Бисквит подошел к Николасу и Бриато, чтобы познакомить их с Мелюзгой и Телепузиком.
– А я тебя знаю, видел тебя с братом! – Мелюзга узнал Николаса.
– Передавай ему привет. Как поживает Путь Карлито?
– Чокнутый, как обычно.
– Значит, хорошо.
– Этот парень лучше. – Бисквит хлопнул друга по плечу. – Мы с ним еще не такое можем!
– То есть? – спросил Бриато. Интересно, что еще придумали эти сопляки?
– Когда цыгане уходят, он хватает две или три сумки. Эти тетки часто оставляют свои сумки на лавках… Я бегу за ним и отнимаю сумки. В благодарность бабушки суют мне десять, а то и двадцать евро. Деньжата у них всегда водятся.

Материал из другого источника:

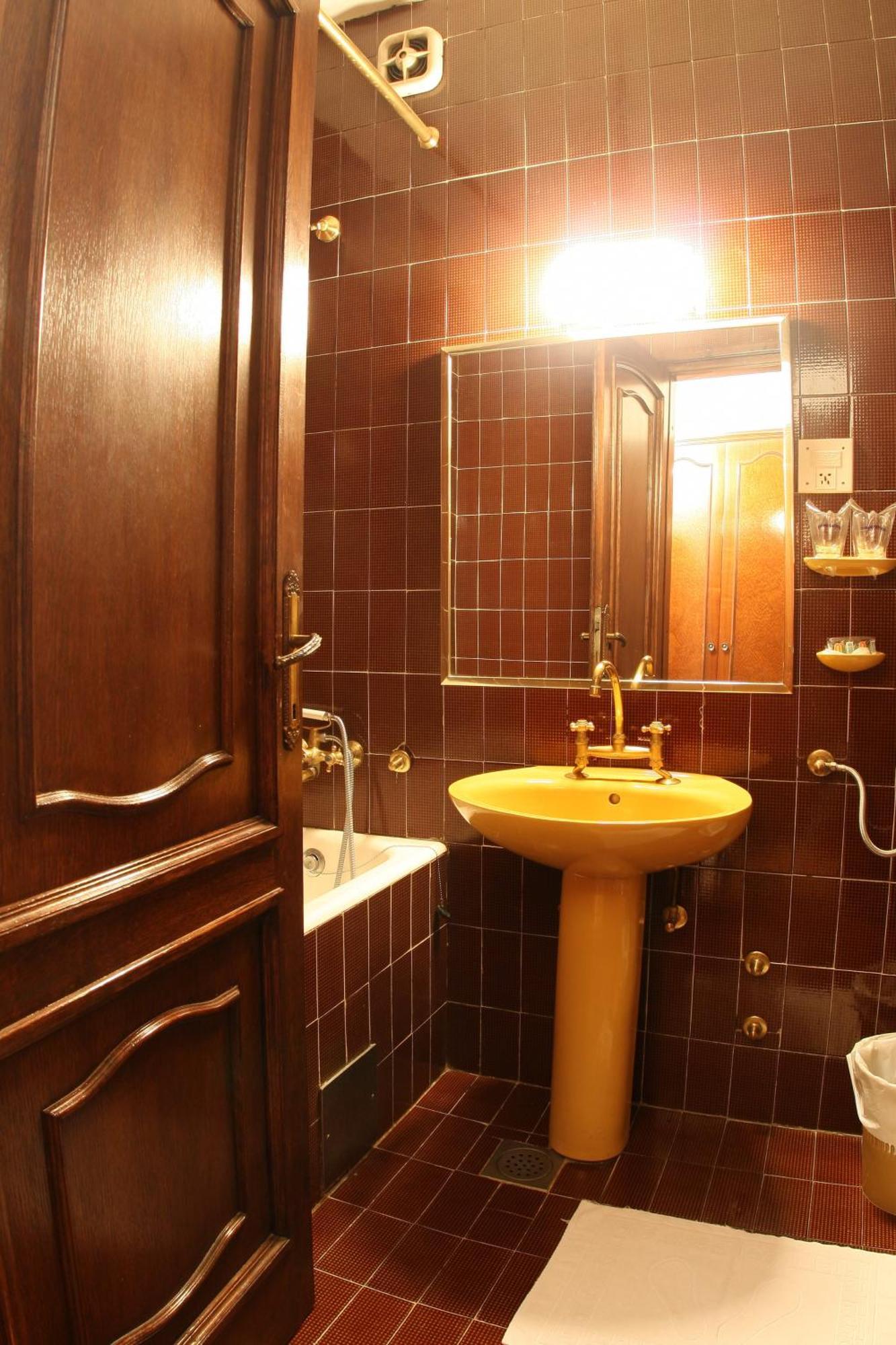 Hotel Grand Valjevo Zewnętrze zdjęcie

Николас слегка наклонился, чтобы посмотреть им прямо в глаза, а потом, крепко обняв за плечи Мелюзгу и Бисквита, спросил:
– Сколько даете этим цыганчатам?
– Да нисколько… покупаю им чипсы, пиццу. Сегодня они вообще за так работают, я отдал им старый велик сестры, ей он все равно не нужен.
Даже эти щенки нашли способ срубить денег, заключив союз с цыганами. И ему нужно найти покровителя, найти кого-то, с кем можно договориться, без этого паранцу не сколотить. Но кого? Дон Феличано Стриано добровольно сдался полиции, Копакабана сидит в Поджореале, а Котяра здесь чужой, и этот чужой претендует на сердце Неаполя.
Паяльник
Они сидели, как обычно, в баре, и вдруг Тукан, уставясь в телефон, сказал:
– Эй, парни, смотрите-ка! Посмотрите, что пишут в Твиттере.

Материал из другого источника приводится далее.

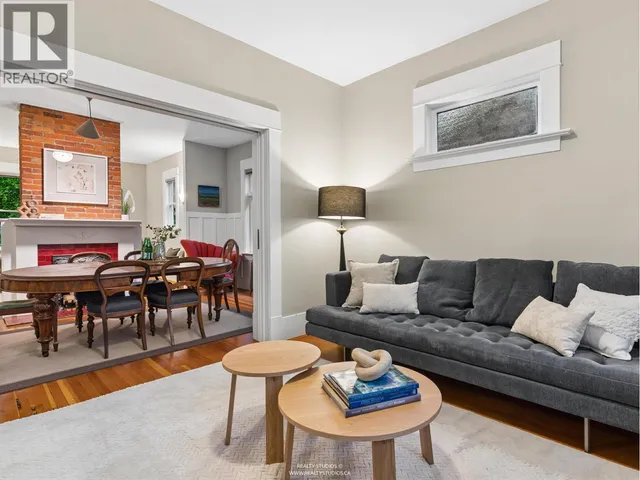 559 18TH AVENUE, Vancouver 4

Никто не отреагировал, отозвался только Чупа-Чупс:
– Фигню всякую пишут.
– Какую фигню? “Нового махараджу” обчистили до нитки. Вот тут статья.
Николас тотчас оживился:
– Отправь мне ссылку.
Он быстро пробежал глазами страницы, пролистал фотографии. Ограбили ночью, вынесли все, что могли. Все-все: посуду, компьютеры, подсвечники, стулья. Погрузили в грузовик и вывезли. Был выходной день. Сигнализация оказалась отключена.